Always some new bloggers to sample, and again an honour to be selected!

Cheers for your phenomenal work Margaret!


Margaret said...

Thanks, H!

M said...

Thanks for including me! Like H Niyazi, I love to learn about new blogs and posts through this carnival. There's a really great sampling of ideas presented here!

Thanks for your upkeep of the carnival. I really enjoy it.

Anonymous said...

Many thanks for including my blog post in your carnival. I love discovering new blogs and am looking forward to exploring all the posts.

Dr. F said...

Thanks for picking my Bellini post. I was happy to do it on 3 Pipe Problem especially since H's images added so much.


Margaret said...

@M -Thanks!

@Gina Collia-Suzuki - Thanks, Gina - it was a real treat to have you in the Carnival this month.I look forward to reading your blog regularly!

@Dr. F. - The post was great, and H's site is so visually rich, it makes a perfect backdrop ;) Thanks again!

Grinling E Gibbons said...

I stumbled across The Earthly Paradise earlier this week. I must say that I am completely taken with the quality of the material that you present.

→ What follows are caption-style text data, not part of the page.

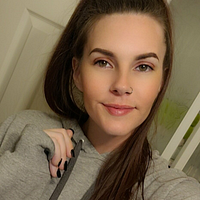 Molly Brianne avatar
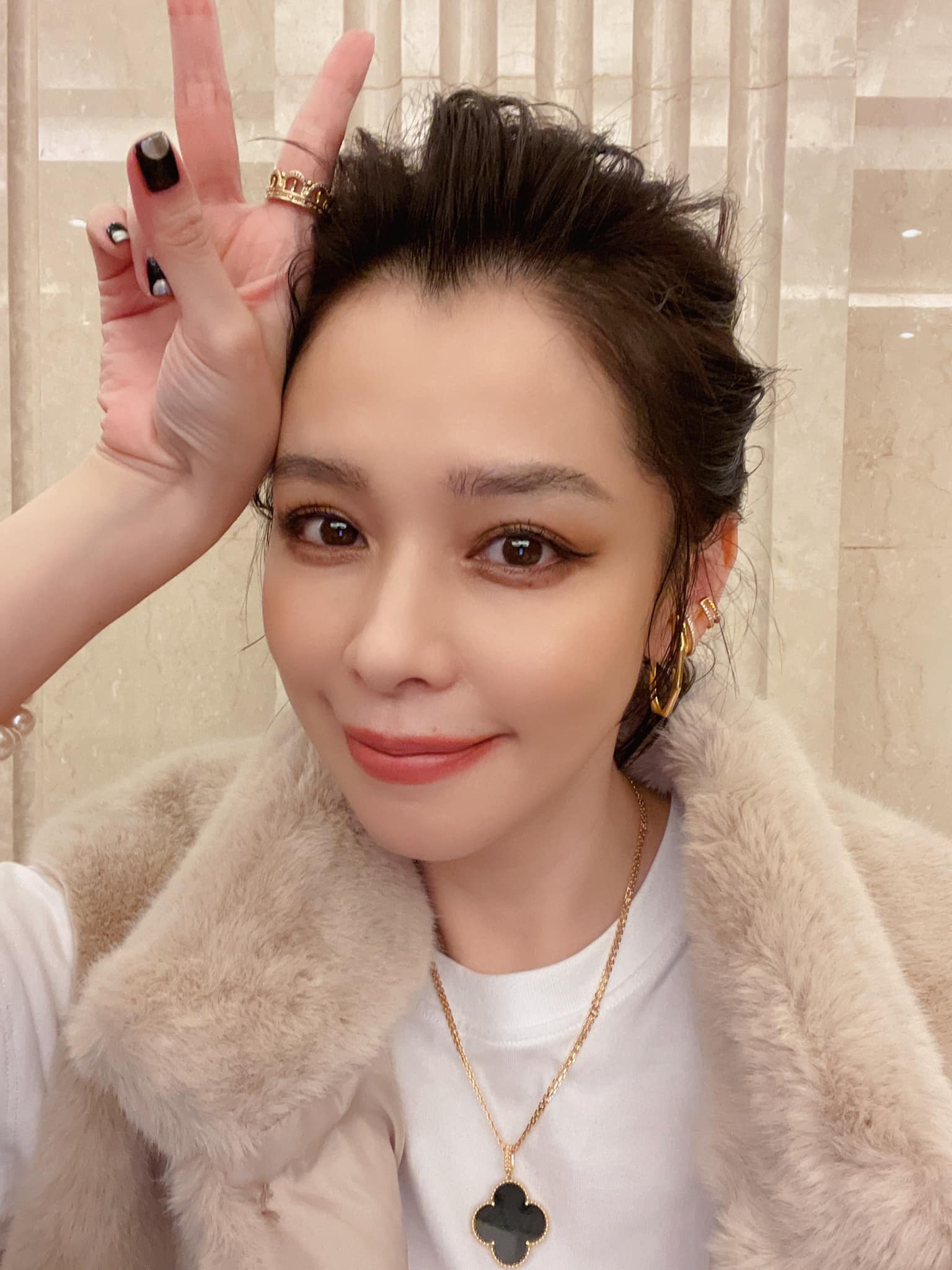 自曝嚴重隱疾！徐若瑄罕見「躲媽媽懷中痛哭」揭揪心內幕　坦言「不想再勇敢了」淚嘆：要照顧好健康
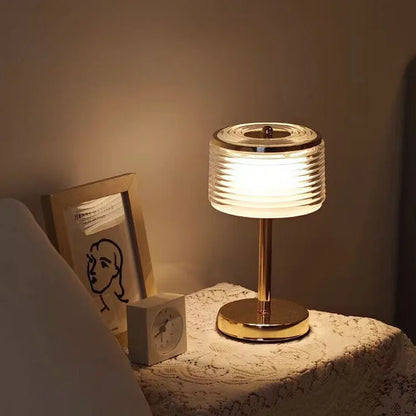 Elegante Tischlampe mit ringförmigem Kristallschirm und warmweißer Lichtauswahl – Dekorative Designerleuchte in Gold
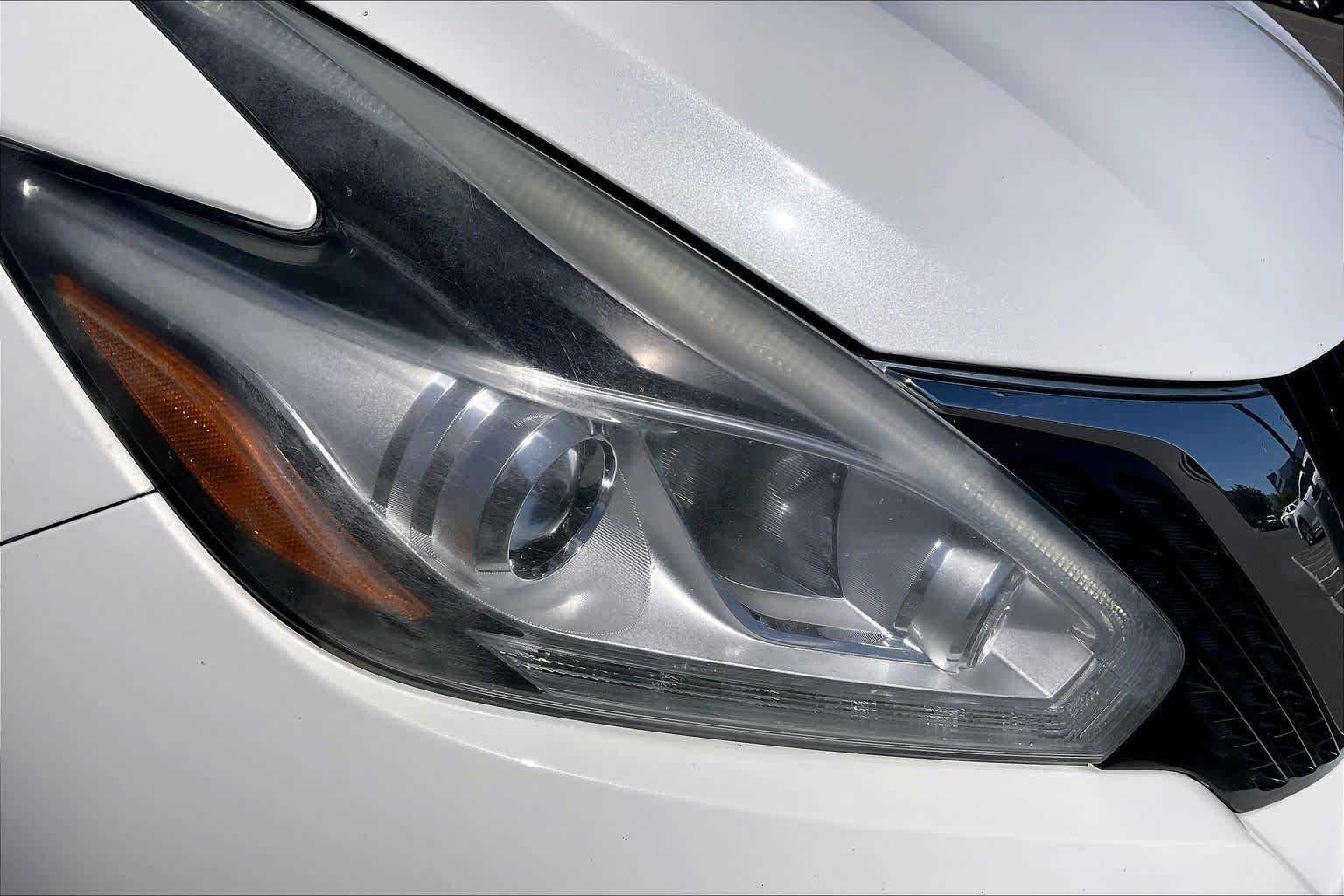 Used 2015 Pearl White Nissan SL image 26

I studied music, when to university to become a historian and then decided to become an engineer. My passion is sculpture although I like to work in wood the best. It is probably no accident that I love the Renaissance.

Your blog is outstanding. I will definitely be coming back.

Vicky Alvear Shecter said...

I too am honored to be included in your carnival. Plus, I get to discover not only this blog, but other wonderful sites to explore. Thanks again!

Margaret said...

@Grinling E Gibbons - Thanks so much for your comment and for stopping by!

@Vicky Alvear Shecter - Thanks for contributing to the carnival, Vicky!